Domain name development profits does not only fill the coffers of unscrupulous entrepreneurs, but can also benefit an impoverished country because all countries are designated a top-level domain name on the Internet usually as a suffix to that country’s Internet Address. For example .be for Belgium, .hk for Hong Kong, .ph for the Philippines, .za for South Africa and so on. A number of these domain names have been featured on stamps. During the last few years of the 20th Century, a relatively poor Pacific Island nation of Tuvalu hit the jackpot when it received the .tv domain name, although initially Tuvalu’s citizens didn’t realize that they owned the most recognizable suffix of all, .tv.

Back in 1999, the .tv domain name gained “humanitarian / philanthropic” status when Jason Chapnik – a Canadian businessman- walked into a Tuvalu parliament meeting and pleaded his intentions to buy their domain name. After further negotiations, by the year 2000 Tuvalu decided to sign up with Chapnik to form a new company called Dot TV that’s currently based in Pasadena, California. Tuvalu owns 20% of Dot TV and received US$50 million from the lucrative deal which the country – via structured settlement – receives quarterly payments of US$1 million each over a period of 10 years. Tuvalu recently received a payment of US$18 million that instantly doubled the country’s GDP.
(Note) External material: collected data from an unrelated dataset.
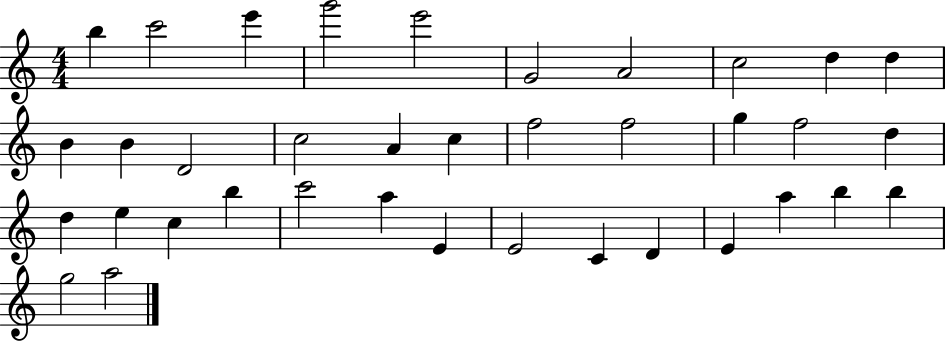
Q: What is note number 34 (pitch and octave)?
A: B5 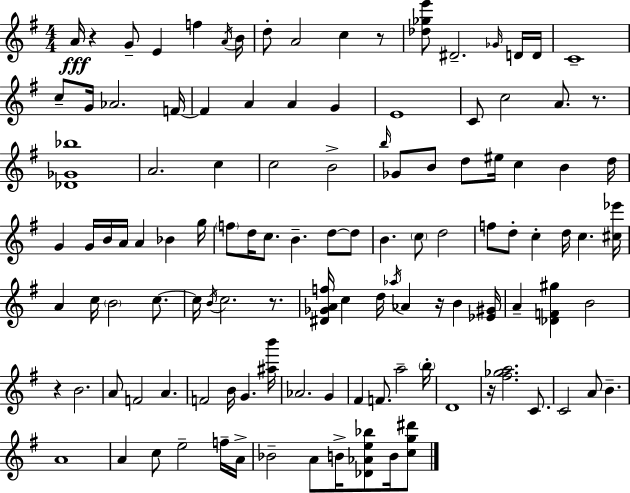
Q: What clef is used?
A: treble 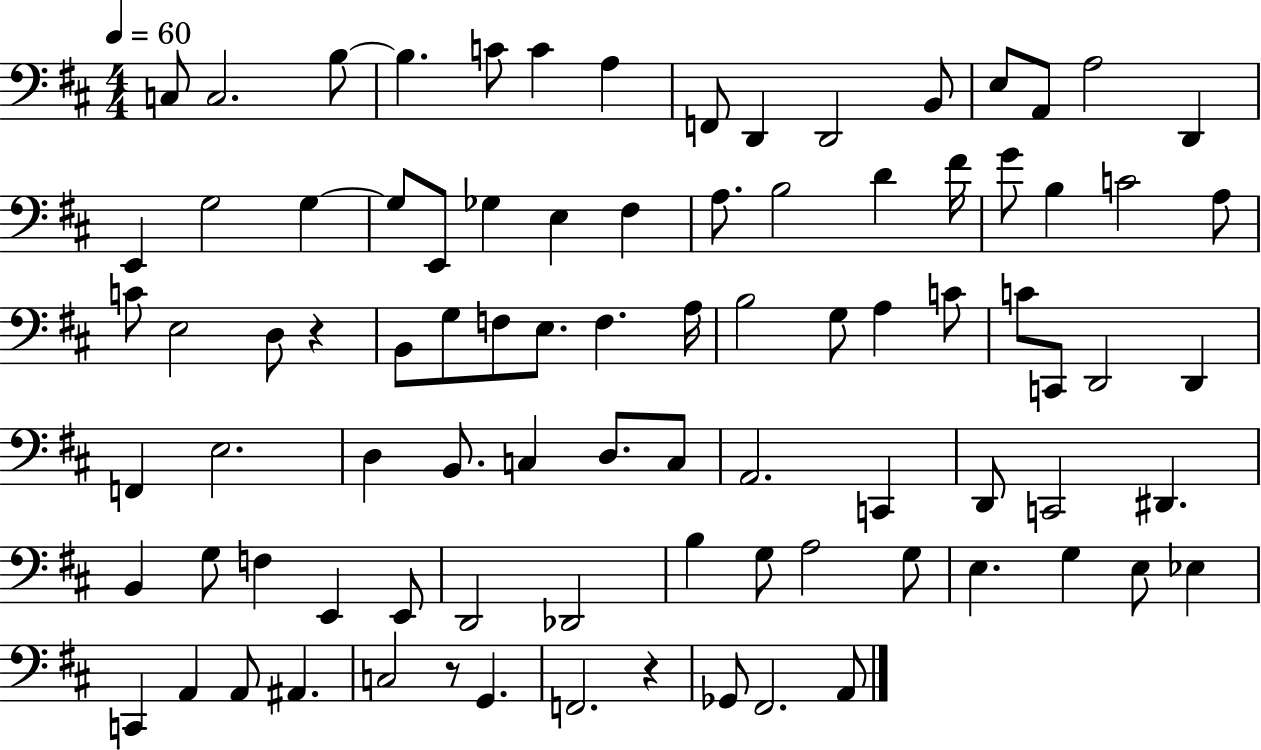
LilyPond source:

{
  \clef bass
  \numericTimeSignature
  \time 4/4
  \key d \major
  \tempo 4 = 60
  \repeat volta 2 { c8 c2. b8~~ | b4. c'8 c'4 a4 | f,8 d,4 d,2 b,8 | e8 a,8 a2 d,4 | \break e,4 g2 g4~~ | g8 e,8 ges4 e4 fis4 | a8. b2 d'4 fis'16 | g'8 b4 c'2 a8 | \break c'8 e2 d8 r4 | b,8 g8 f8 e8. f4. a16 | b2 g8 a4 c'8 | c'8 c,8 d,2 d,4 | \break f,4 e2. | d4 b,8. c4 d8. c8 | a,2. c,4 | d,8 c,2 dis,4. | \break b,4 g8 f4 e,4 e,8 | d,2 des,2 | b4 g8 a2 g8 | e4. g4 e8 ees4 | \break c,4 a,4 a,8 ais,4. | c2 r8 g,4. | f,2. r4 | ges,8 fis,2. a,8 | \break } \bar "|."
} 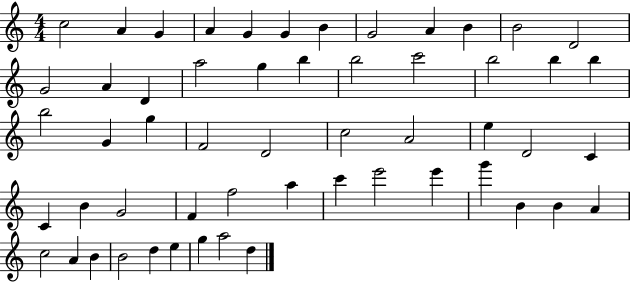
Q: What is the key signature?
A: C major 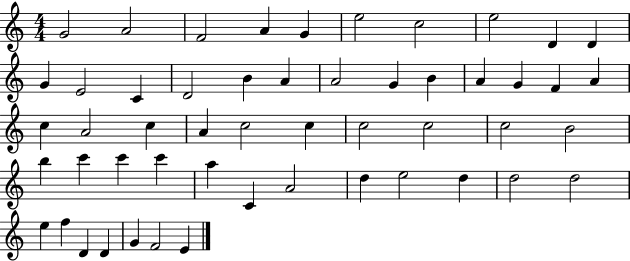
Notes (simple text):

This sudden windfall of revenue allowed Tuvalu to achieve an economically independent status. Ever since gaining independence in 1978, Tuvalu could hardly afford the US$20,000 UN membership fee. It wasn’t until September 5, 2000 where Tuvalu could finally afford being UN’s 189th member nation. The domain name revenue enabled the various islands of Tuvalu the ability to upgrade their public infrastructure like roads, schools and water purification facilities. The upgrading of Tuvalu’s main airport to accommodate larger planes has allowed the country to export food for the first time in history.

Despite of the recently found wealth, the global community is now wondering whether Tuvalu can cope with the challenges of sea level rise due to global warming and the increased typhoons brought about by climate change with “dot com” funds alone. Is Tuvalu now in the front line for the global community’s battle against sea level rise?

2 comments:

Kim said...

I hope that Tuvalu's Domain Name earnings will trickle down to her most needy citizens because even if this tiny Pacific Island nation resembles for all intents and purposes a tropical paradise, the average Tuvalu citizen isn't that well-off compared to someone in the affluent West. Tuvalu's poor still needs basic medical care. Hopefully for free since they can't afford it. And there's still that threat about sea-level rise due to the excesses of the Industrialized World that caused our present global warming debacle.

Sherry Rashad said...

Has any of you read or heard about Essela Natano - one of the only two doctors on Tuvalu? He says he hasn't seen any of the millions earned by Tuvalu's "dot tv" domain name being plowed back into their country's ailing healthcare system. Yet Tuvalu has one of the highest child mortality rates in the Pacific. Tuvalu's lone hospital badly needs investment for new equipment and drugs. The welfare of Tuvalu's citizens should come first.